▶ _TASK REQUIREMENTS_: Return exactly the lines below, starting with the one that has "Women's Elegant Chic" and going on through the one that has "2 bloempot vissenkom".

▶ _EXCERPTED DATA_:

※

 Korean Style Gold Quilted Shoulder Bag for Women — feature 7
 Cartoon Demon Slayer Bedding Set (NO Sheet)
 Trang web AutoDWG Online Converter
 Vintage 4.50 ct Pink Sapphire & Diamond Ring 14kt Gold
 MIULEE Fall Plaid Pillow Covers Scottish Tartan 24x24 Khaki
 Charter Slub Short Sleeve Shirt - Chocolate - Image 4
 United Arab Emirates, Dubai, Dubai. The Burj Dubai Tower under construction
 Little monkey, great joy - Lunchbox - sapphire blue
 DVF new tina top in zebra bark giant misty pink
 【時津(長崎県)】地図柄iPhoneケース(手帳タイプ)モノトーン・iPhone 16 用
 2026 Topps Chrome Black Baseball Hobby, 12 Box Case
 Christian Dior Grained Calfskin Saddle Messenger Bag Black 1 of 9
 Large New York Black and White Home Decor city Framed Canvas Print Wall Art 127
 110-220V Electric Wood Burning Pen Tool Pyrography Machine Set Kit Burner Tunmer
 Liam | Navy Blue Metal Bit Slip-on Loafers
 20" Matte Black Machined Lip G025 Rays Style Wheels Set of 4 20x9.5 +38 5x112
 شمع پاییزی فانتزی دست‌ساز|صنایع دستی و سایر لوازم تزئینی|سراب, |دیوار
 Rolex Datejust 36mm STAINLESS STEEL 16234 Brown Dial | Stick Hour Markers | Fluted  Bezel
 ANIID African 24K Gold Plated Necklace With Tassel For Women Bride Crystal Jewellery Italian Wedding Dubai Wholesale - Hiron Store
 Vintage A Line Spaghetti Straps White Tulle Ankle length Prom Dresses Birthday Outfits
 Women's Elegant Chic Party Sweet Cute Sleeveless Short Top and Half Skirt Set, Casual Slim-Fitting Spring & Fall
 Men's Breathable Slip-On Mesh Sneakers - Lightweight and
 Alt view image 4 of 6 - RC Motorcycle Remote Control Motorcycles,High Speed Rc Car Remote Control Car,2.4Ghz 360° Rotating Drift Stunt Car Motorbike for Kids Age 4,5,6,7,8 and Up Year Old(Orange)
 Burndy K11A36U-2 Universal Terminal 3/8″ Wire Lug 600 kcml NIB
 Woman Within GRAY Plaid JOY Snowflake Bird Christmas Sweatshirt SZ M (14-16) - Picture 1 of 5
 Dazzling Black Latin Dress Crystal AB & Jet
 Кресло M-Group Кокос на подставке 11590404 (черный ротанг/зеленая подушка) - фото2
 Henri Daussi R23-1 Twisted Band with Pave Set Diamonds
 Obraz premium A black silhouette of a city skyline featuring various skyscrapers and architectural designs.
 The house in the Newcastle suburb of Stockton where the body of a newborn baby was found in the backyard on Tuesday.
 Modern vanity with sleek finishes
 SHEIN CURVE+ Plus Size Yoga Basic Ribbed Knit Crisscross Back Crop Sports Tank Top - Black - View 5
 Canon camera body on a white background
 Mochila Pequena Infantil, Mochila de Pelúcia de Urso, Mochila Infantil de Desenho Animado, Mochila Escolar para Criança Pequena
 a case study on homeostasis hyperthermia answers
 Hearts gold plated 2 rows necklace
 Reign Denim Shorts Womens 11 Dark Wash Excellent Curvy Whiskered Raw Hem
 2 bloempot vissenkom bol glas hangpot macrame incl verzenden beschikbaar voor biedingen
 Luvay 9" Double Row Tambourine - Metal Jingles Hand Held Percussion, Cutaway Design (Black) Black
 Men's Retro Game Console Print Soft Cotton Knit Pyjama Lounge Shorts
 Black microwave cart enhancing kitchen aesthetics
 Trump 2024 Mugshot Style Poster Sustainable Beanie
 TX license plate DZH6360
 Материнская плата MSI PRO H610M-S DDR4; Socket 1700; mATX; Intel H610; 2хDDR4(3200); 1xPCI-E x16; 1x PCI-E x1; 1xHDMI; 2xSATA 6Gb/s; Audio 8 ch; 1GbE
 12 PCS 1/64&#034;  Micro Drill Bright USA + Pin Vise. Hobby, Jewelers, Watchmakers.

※

▶ _WORKED SOLUTION_:
 Women's Elegant Chic Party Sweet Cute Sleeveless Short Top and Half Skirt Set, Casual Slim-Fitting Spring & Fall
 Men's Breathable Slip-On Mesh Sneakers - Lightweight and
 Alt view image 4 of 6 - RC Motorcycle Remote Control Motorcycles,High Speed Rc Car Remote Control Car,2.4Ghz 360° Rotating Drift Stunt Car Motorbike for Kids Age 4,5,6,7,8 and Up Year Old(Orange)
 Burndy K11A36U-2 Universal Terminal 3/8″ Wire Lug 600 kcml NIB
 Woman Within GRAY Plaid JOY Snowflake Bird Christmas Sweatshirt SZ M (14-16) - Picture 1 of 5
 Dazzling Black Latin Dress Crystal AB & Jet
 Кресло M-Group Кокос на подставке 11590404 (черный ротанг/зеленая подушка) - фото2
 Henri Daussi R23-1 Twisted Band with Pave Set Diamonds
 Obraz premium A black silhouette of a city skyline featuring various skyscrapers and architectural designs.
 The house in the Newcastle suburb of Stockton where the body of a newborn baby was found in the backyard on Tuesday.
 Modern vanity with sleek finishes
 SHEIN CURVE+ Plus Size Yoga Basic Ribbed Knit Crisscross Back Crop Sports Tank Top - Black - View 5
 Canon camera body on a white background
 Mochila Pequena Infantil, Mochila de Pelúcia de Urso, Mochila Infantil de Desenho Animado, Mochila Escolar para Criança Pequena
 a case study on homeostasis hyperthermia answers
 Hearts gold plated 2 rows necklace
 Reign Denim Shorts Womens 11 Dark Wash Excellent Curvy Whiskered Raw Hem
 2 bloempot vissenkom bol glas hangpot macrame incl verzenden beschikbaar voor biedingen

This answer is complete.